** WORK TASK **
Reproduce the records below in full and exactly, without their images.

(Short web captions)
= = = = = = =
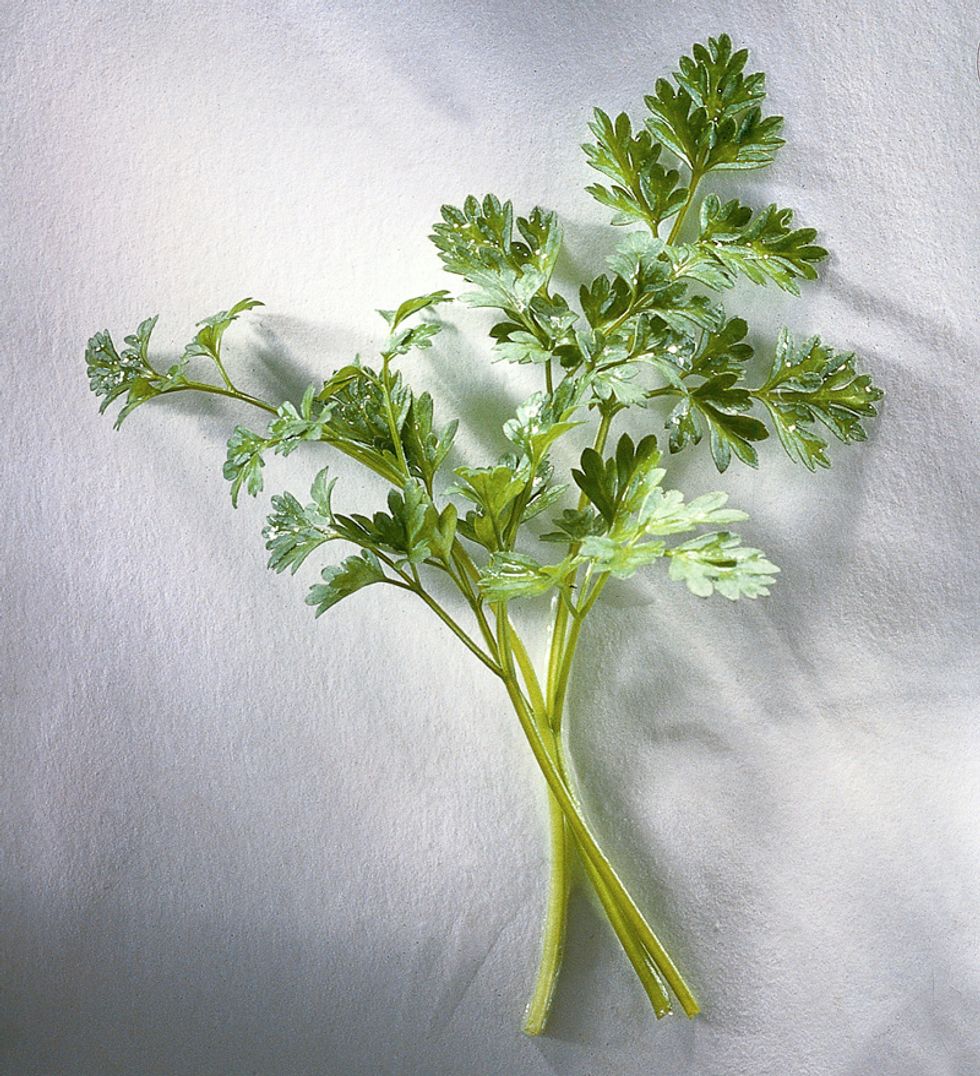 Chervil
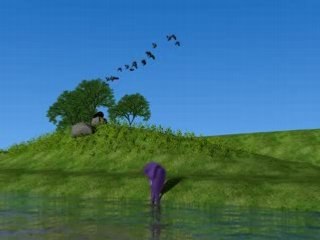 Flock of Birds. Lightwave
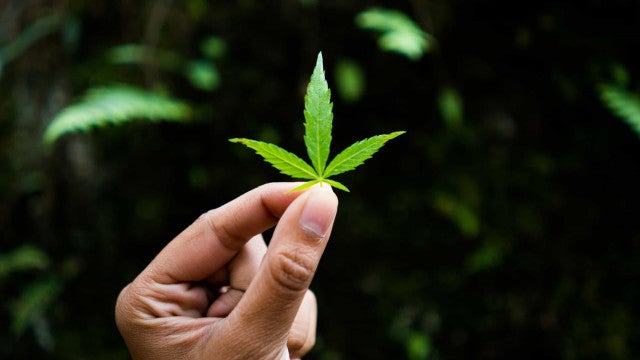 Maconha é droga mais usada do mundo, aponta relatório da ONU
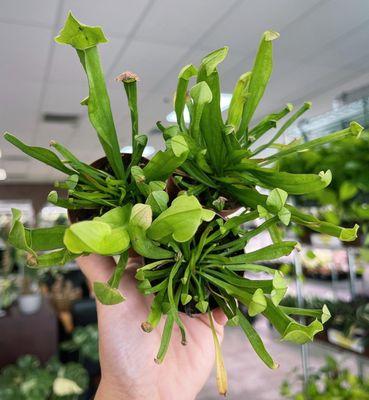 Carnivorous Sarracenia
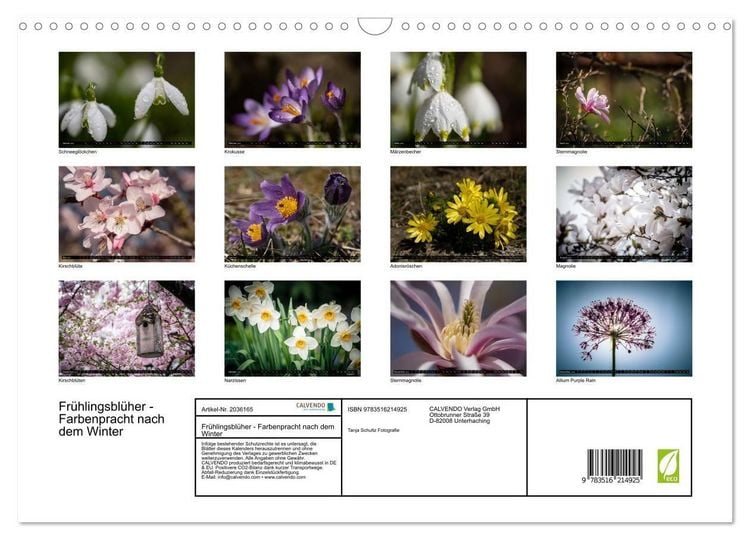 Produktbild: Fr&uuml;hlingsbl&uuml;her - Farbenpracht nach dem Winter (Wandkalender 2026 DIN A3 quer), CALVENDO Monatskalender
= = = = = = =
** SOLUTION TO THE EXERCISE **
 Chervil
 Flock of Birds. Lightwave
 Maconha é droga mais usada do mundo, aponta relatório da ONU
 Carnivorous Sarracenia
 Produktbild: Fr&uuml;hlingsbl&uuml;her - Farbenpracht nach dem Winter (Wandkalender 2026 DIN A3 quer), CALVENDO Monatskalender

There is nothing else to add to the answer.